### SUPPLIED MATERIAL:
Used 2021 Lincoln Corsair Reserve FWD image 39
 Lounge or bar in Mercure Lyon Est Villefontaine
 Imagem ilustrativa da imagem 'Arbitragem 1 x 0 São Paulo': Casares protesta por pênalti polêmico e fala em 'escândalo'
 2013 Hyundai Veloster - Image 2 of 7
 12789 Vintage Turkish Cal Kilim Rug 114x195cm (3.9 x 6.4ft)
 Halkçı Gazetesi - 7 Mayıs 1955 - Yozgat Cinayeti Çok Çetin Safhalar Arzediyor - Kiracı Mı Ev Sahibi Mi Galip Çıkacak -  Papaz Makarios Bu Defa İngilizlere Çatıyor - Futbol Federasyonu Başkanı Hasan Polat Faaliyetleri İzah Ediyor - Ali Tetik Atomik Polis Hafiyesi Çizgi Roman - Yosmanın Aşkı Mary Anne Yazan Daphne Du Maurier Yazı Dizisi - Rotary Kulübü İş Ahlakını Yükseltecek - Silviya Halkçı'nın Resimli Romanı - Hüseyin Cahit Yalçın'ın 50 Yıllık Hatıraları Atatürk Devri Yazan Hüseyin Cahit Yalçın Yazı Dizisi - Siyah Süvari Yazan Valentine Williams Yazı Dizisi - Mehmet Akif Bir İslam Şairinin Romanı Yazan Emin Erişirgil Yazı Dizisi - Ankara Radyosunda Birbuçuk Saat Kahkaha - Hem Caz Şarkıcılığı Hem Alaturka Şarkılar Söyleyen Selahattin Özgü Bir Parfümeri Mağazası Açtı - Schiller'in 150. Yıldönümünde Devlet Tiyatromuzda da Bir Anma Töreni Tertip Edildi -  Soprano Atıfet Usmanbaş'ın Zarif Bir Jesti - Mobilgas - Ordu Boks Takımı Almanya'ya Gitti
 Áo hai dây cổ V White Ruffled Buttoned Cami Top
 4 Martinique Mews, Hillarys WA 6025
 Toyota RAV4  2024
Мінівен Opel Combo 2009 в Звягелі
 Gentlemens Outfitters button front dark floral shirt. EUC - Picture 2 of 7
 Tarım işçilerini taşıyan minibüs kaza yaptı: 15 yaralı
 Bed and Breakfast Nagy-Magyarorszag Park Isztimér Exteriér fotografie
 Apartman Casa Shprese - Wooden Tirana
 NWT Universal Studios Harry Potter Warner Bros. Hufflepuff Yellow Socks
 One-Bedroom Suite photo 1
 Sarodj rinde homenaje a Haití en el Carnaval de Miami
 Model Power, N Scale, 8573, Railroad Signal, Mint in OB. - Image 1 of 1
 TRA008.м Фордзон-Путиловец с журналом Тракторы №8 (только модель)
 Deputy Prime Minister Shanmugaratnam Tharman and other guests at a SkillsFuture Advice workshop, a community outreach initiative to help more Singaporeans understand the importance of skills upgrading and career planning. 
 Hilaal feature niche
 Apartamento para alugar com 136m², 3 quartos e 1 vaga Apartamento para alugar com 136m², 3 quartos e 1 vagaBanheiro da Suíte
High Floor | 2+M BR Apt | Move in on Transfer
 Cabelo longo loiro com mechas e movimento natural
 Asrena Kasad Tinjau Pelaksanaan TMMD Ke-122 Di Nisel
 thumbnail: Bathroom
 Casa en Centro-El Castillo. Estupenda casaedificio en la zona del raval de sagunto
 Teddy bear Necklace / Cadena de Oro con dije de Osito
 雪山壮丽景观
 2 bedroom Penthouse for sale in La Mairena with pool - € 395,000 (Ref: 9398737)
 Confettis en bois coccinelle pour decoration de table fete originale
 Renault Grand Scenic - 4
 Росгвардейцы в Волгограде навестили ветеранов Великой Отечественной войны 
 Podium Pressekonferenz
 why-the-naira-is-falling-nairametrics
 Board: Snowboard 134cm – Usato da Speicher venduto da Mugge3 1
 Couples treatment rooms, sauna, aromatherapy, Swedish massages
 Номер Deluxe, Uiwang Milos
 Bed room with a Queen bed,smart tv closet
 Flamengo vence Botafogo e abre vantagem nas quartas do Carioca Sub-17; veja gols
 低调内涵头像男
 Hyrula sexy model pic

### WORK INSTRUCTIONS:
All lines from the opening of the records through the line where "12789 Vintage Turkish" occurs are to be output verbatim. No other line belongs in the answer.

### OUTPUT FOR THIS EXERCISE:
Used 2021 Lincoln Corsair Reserve FWD image 39
 Lounge or bar in Mercure Lyon Est Villefontaine
 Imagem ilustrativa da imagem 'Arbitragem 1 x 0 São Paulo': Casares protesta por pênalti polêmico e fala em 'escândalo'
 2013 Hyundai Veloster - Image 2 of 7
 12789 Vintage Turkish Cal Kilim Rug 114x195cm (3.9 x 6.4ft)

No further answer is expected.